Environmental groups in Oregon announced Monday they have withdrawn from talks on how to manage the state's rebounding wolf population because of what they called a "broken" process, and concerns that state wildlife officials want to make it easier to kill wolves that eat livestock without trying other alternatives.

By GILLIAN FLACCUS, Associated Press

This March 13, 2014 file photo provided by the Oregon Department of Fish and Wildlife shows a female wolf from the Minam pack outside La Grande, Ore., after it was fitted with a tracking collar. Environmental groups have withdrawn from talks aimed at updating the wolf management plan in Oregon. Wolf conservation advocates, ranchers and hunters have been meeting with the Oregon Department of Fish and Wildlife for months to update the rules that protect and manage the state's rebounding wolf population. (Oregon Department of Fish and Wildlife via AP, file)

PORTLAND, Ore. (AP) — Environmental groups in Oregon announced Monday they have withdrawn from talks on how to manage the state's rebounding wolf population because of what they called a "broken" process, and concerns that state wildlife officials want to make it easier to kill wolves that eat livestock without trying other alternatives.

The announcement came after months of negotiations to update rules on how and when wolves can be killed as their numbers increase and they spread farther west and south after re-entering northeastern Oregon from Idaho more than a decade ago.

It wasn't immediately clear what would happen to the talks, although the environmental groups said they would "collectively and actively" oppose the wolf management plan proposed by the Oregon Department of Fish and Wildlife.
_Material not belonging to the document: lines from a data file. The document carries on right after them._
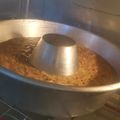 صورة من ريماس العنزي، شاركها بعد تجربة وصفة كيكة الجزر بحبة البركة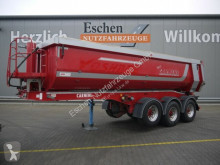 Félpótkocsi Carnehl CHKS/HH, 24m³, Stahl, X-Lite Alufelgen,Luft/Lift használt billenőkocsi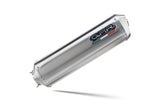 Voge 650DSX 2021-2024 Exhaust GPR Slip-on Satinox 
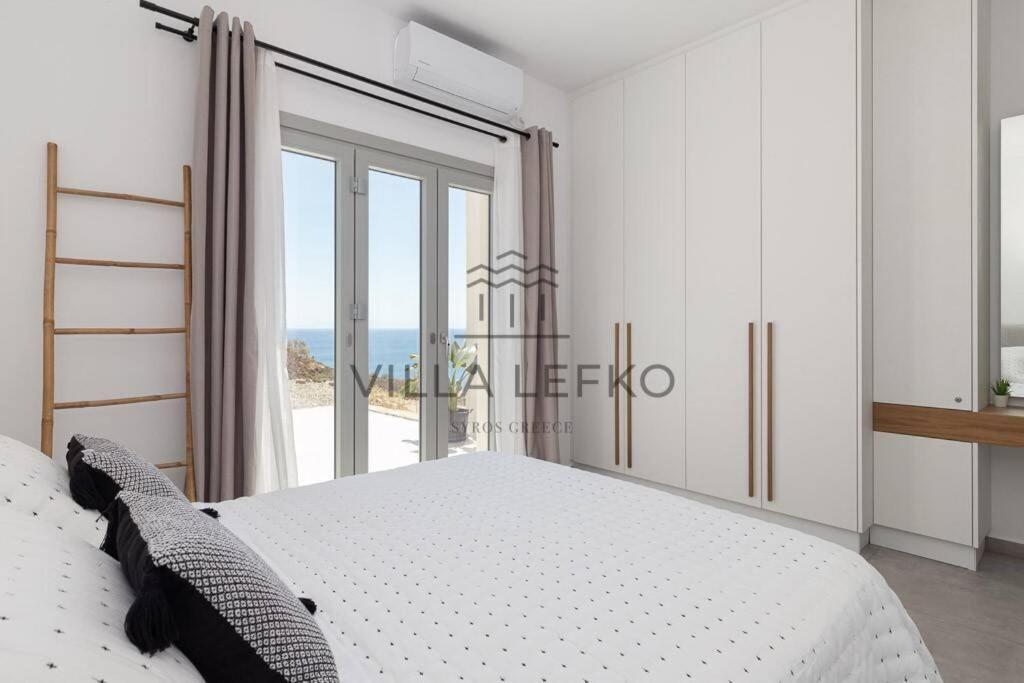 Villa Lefko Megas Gialos - Nites Luaran gambar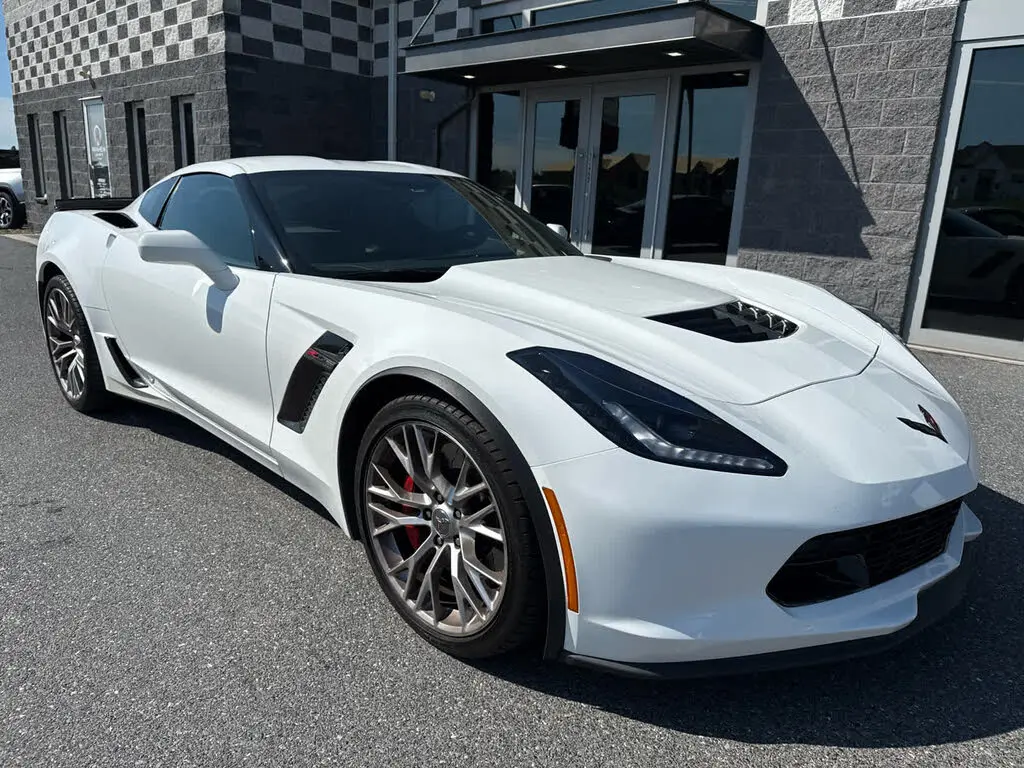 2015 Chevrolet Corvette Z06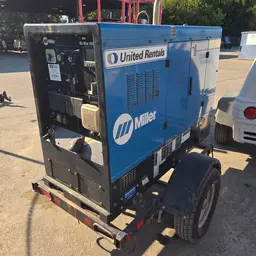 2020 Miller Welders BIG BLUE 500PRO Welder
Michelle Dennehy, an agency spokeswoman, did not return a call and email seeking comment. The agency oversees the group of ranchers, hunters and wolf conservation advocates formed by Gov. Kate Brown to update the state's management plan after an initial draft plan was rejected in 2017. The state is supposed to update its plan every five years to account for changing wolf population numbers but is four years overdue with a revision.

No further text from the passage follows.